Scientists believe they have found the first fish able to recognize itself in a mirror. The result is surprising because this ability is usually only found in animals with bigger brains.
The “mirror test” is a way to test whether something can recognize itself. A mark is secretly put on an animal, usually in a spot that can only be seen with a mirror. Then the animal is allowed to look in a mirror. If the animal seems to pay attention to the mark, scientists believe the animal has recognized itself (and knows that the mark is not supposed to be there).
The mirror test is often seen as a good way to learn if an animal is aware of itself – one sign of how smart an animal is.
This skill has mainly been found in animals with large brains, such as dolphins, chimpanzees, and elephants. Even humans don’t usually pass the mirror test until they are about a year and a half old. Just one kind of bird has passed the mirror test. And now, a fish.
Cleaner wrasse are small fish that run “cleaning stations” in the sea, where they clean larger fish. When the big fish have parasites (like a dog might have a tick), the cleaner wrasse eat the parasites. This works out well for both the larger fish and the cleaner wrasse.
To test the wrasses, scientists put each wrasse in a tank with a mirror. They gave the fish a chance to get used to the mirror and watched their reactions. At first, the wrasse challenged the “other fish” by swimming up to the mirror and “mouth fighting” it.
But soon the wrasses seemed to understand that something funny was happening. They began to swim toward the mirror upside down or in other unusual ways. It was like they were testing whether the fish in the mirror was really them.
Once the wrasses seemed used to the mirror, the scientists gave the wrasses a mark by putting the fish to sleep and injecting something under their skin. Some of the fish got a brown mark. Other fish got a clear “mark” – they got an injection, but the mark didn’t have a color and could’t be seen in a mirror.
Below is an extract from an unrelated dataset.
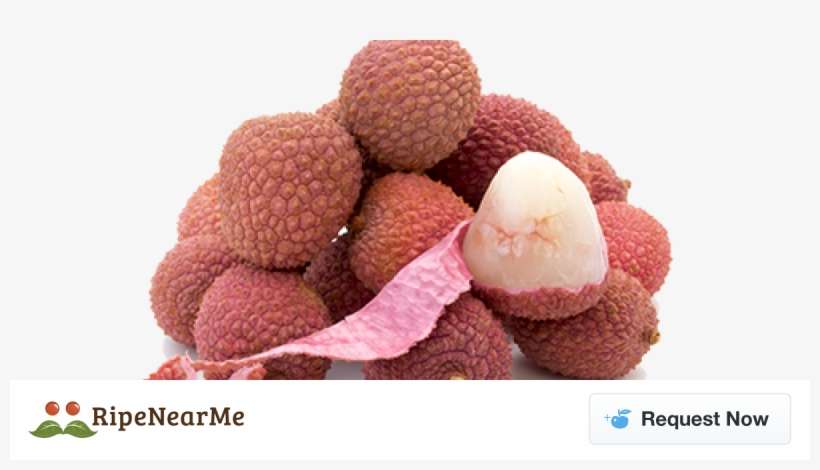 Lychee, transparent png download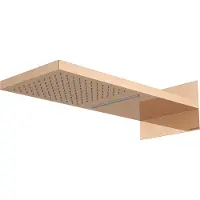 Regn Hoofddouche Met Water- En Regenval Geborsteld Koper PVD - Messing - Kranen, Douchekranen, Hoofddouches - 8720297692093 - Kranen, Douchekranen, Hoofddouches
After looking in the mirror, the wrasses with the brown marks would rub the area with the mark (usually the face or throat) against the sand in the bottom of the tank. Then they would go back and look in the mirror again, as if checking to see if the mark was still there.
But when wrasses with brown marks were put in tanks without mirrors, they didn’t try to rub their marks away. And wrasses with clear “marks” didn’t either, even when they could see themselves in the mirror.
The unexpected results are making some people look hard for other ways to explain how the wrasses reacted. So even though the wrasses seem to have passed the mirror test, the scientists will need some time to reflect on exactly what that means.